Ainda de acordo com o processo, o dono do garrote aceitou pagar metade do valor orçado, o que fez com que o autor da ação não aceitasse e buscasse a Justiça para resolver a controvérsia.
Decisão
Assim, ao julgar da demanda, a magistrada responsável destacou que, no caso em questão, foram comprovados o dano, o nexo causal e a propriedade do animal, com o réu admitindo em audiência que o garrote era seu. Além disso, o dano no carro foi comprovado por fotografias e corroboradas por prova oral. O réu alegou que o garrote teria fugido após ter se assustado com um cachorro. Entretanto, a juíza pontuou que tal fato não configura força maior para romper o nexo causal.
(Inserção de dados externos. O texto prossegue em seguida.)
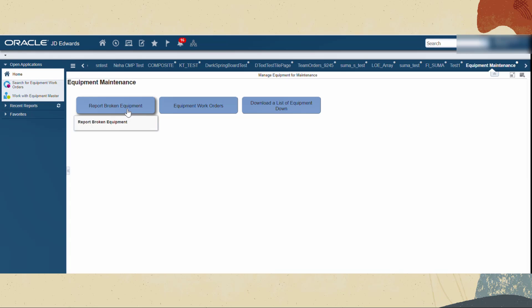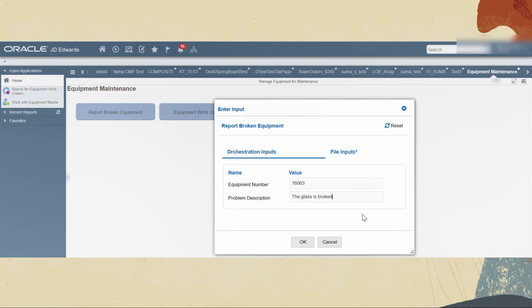Click the report broken equipment tile. In the entire input pop-up box provide inputs for equipment number and the problem description as the orchestration inputs.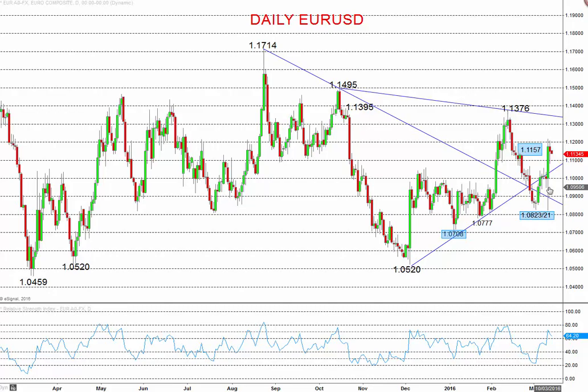Hi all, this is Steve Miley, the Market Chartist, on behalf of forextraders.com. We're now looking at both the euro versus the US dollar and the US dollar versus Japanese yen — the US currency within the G3 complex — and looking at a more negative tone for that US currency.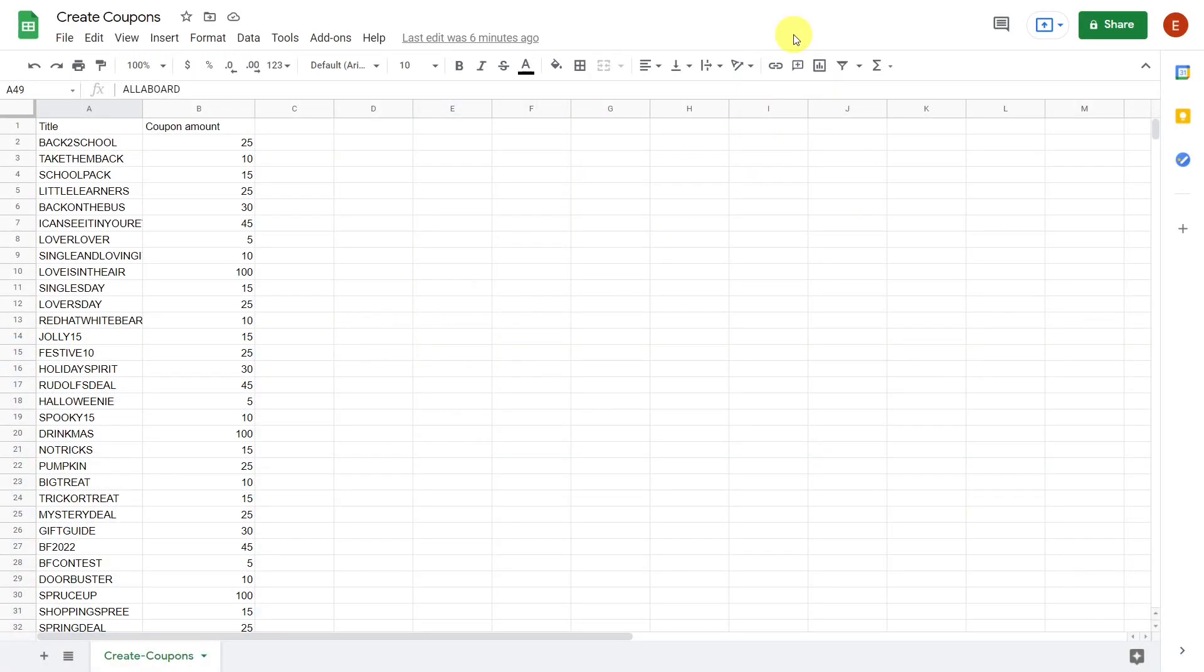Let's see how to create coupons by importing a CSV file from Excel or Google Sheets. To do so, it is necessary to have an Excel or Google Sheets CSV containing at least the title and coupon amount columns.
“Quanto aos danos materiais, o autor juntou aos autos orçamentos que totalizam R$ 6.670,00, relativos aos reparos necessários no veículo. Ressalte-se que, para fins de indenização por danos, não se exige a prévia realização do conserto, sendo suficiente a demonstração do prejuízo e de sua extensão”, escreveu a juíza na sentença.
Para ela, o valor apresentado se mostra compatível com os danos evidenciados pelas fotografias. Entretanto, a juíza levou em consideração o pedido do autor, que limitou o montante de R$ 6.500,00. “Tal quantia deve ser observada, em respeito ao princípio da adstrição”, pontuou a magistrada. Com isso, os pedidos foram julgados parcialmente procedentes e o réu foi condenado a pagar indenização por danos materiais no valor de R$ 6.500,00, com a quantia sendo corrigida monetariamente pelo IPCA.